Infelizmente, a questão de se o Governo tem, ou teve alguma vez, latitude para persuadir as instituições internacionais a mudar de rumo, é algo que permanece (quiçá permanecerá para sempre) envolto em incerteza. Sobretudo, não se percebe se esta ortodoxia aparentemente convicta é um disfarce, no sentido de ganhar leverage sobre os credores, ou antes a própria pele da ideologia do Governo. De uma coisa podemos estar certos: se o Governo tem tentado, de facto, tomar passos nesse sentido, disfarça-o muito, muito bem.

 

Regressando à premissa (oculta) inicial, a culpa do Governo seria/será apenas esta na medida em que, um, a situação actual não lhe é imputável, dois, um ano e quatro meses não são suficientes para fazer mudanças estruturais na economia, e três, as dificuldades que têm surgido na execução do plano derivam muito mais do modo deficiente como este foi arquitectado pela troika (e da própria conjuntura externa) do que da ineficiência do Governo em cumpri-lo.

 

Começando pelo último ponto, o plano, como o próprio FMI reconheceu recentemente (antes de, esquizofrenicamente, ter feito ouvidos de mercador em vez de tomar a posição que se impunha), pressupunha que o impacto da austeridade sobre a actividade económica seria muito mais moderado do que aquilo que efectivamente se observou. Esta divergência levou, como se sabe, automaticamente a um aumento  da despesa e a uma diminuição da receita do Estado, deitando consequentemente por terra os objectivos estabelecidos no programa.

 

Relativamente ao segundo ponto, importa compreender que, enquanto as medidas do lado da receita são extremamente fáceis de levar a cabo (basta "primir um botão", se descontarmos a dificuldade, nao despicienda, em diminuir a fuga ao fisco), as políticas de diminuição da despesa do Estado sao extremamente difíceis de implementar.
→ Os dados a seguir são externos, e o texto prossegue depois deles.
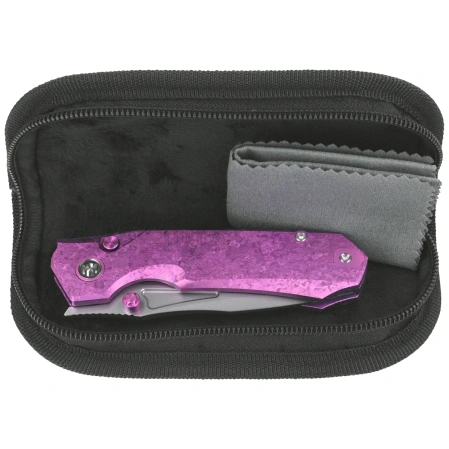 Remette Rhino Knife Pink Crystallized Titanium, Pearlescent M390 (RNTB1)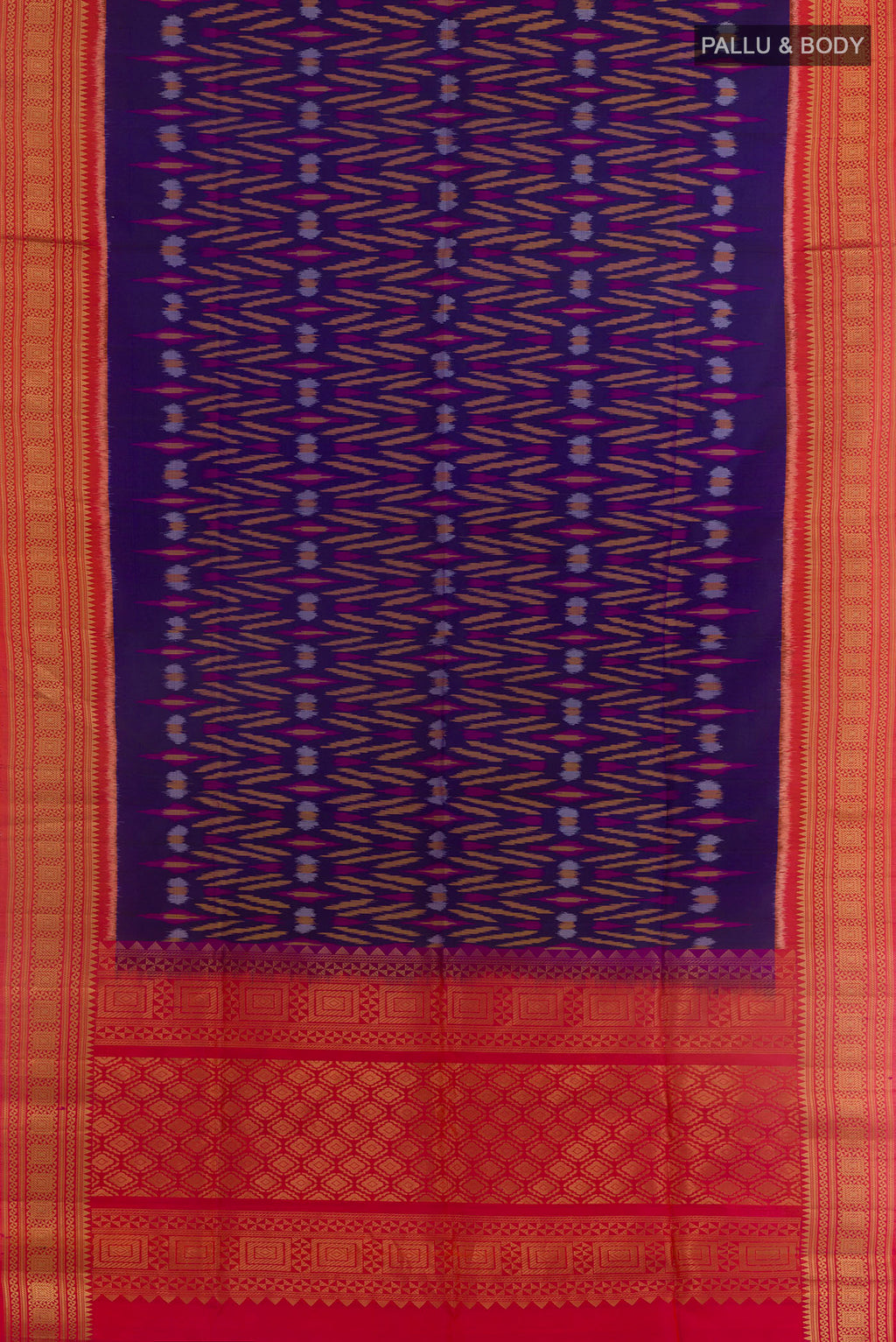 Flat view of Pure Silk Blue Soft Saree with Ikat design on the body and Zari Border.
Senão vejamos: i) os contratos das PPP têm que ser renegociados; ii) as fundações estão quase na sua totalidade na prática fora das mãos do Estado; iii) institutos, centros regionais e outros organismos estão, muitas vezes, protegidos constitucionalmente; iv) não são permitidos despedimentos no sector público. Trata-se apenas de alguns exemplos que não consideram sequer o facto de o sector Estado ser hoje uma estrutura mastodôntica, cujas peças é dificílimo mover.

 

Em suma, é ainda muito cedo para avaliar a capacidade reformadora deste Governo. O escrutínio público deveria concentrar-se, isso sim, em perceber se o Governo está a fazer tudo o que pode no sentido de persuadir as instituições internacionais a estabelecer condições mais razoáveis, que assegurem, sim, a tomada de medidas de carácter estrutural, contudo escudando-as de uma conjuntura que é por inerência exógena.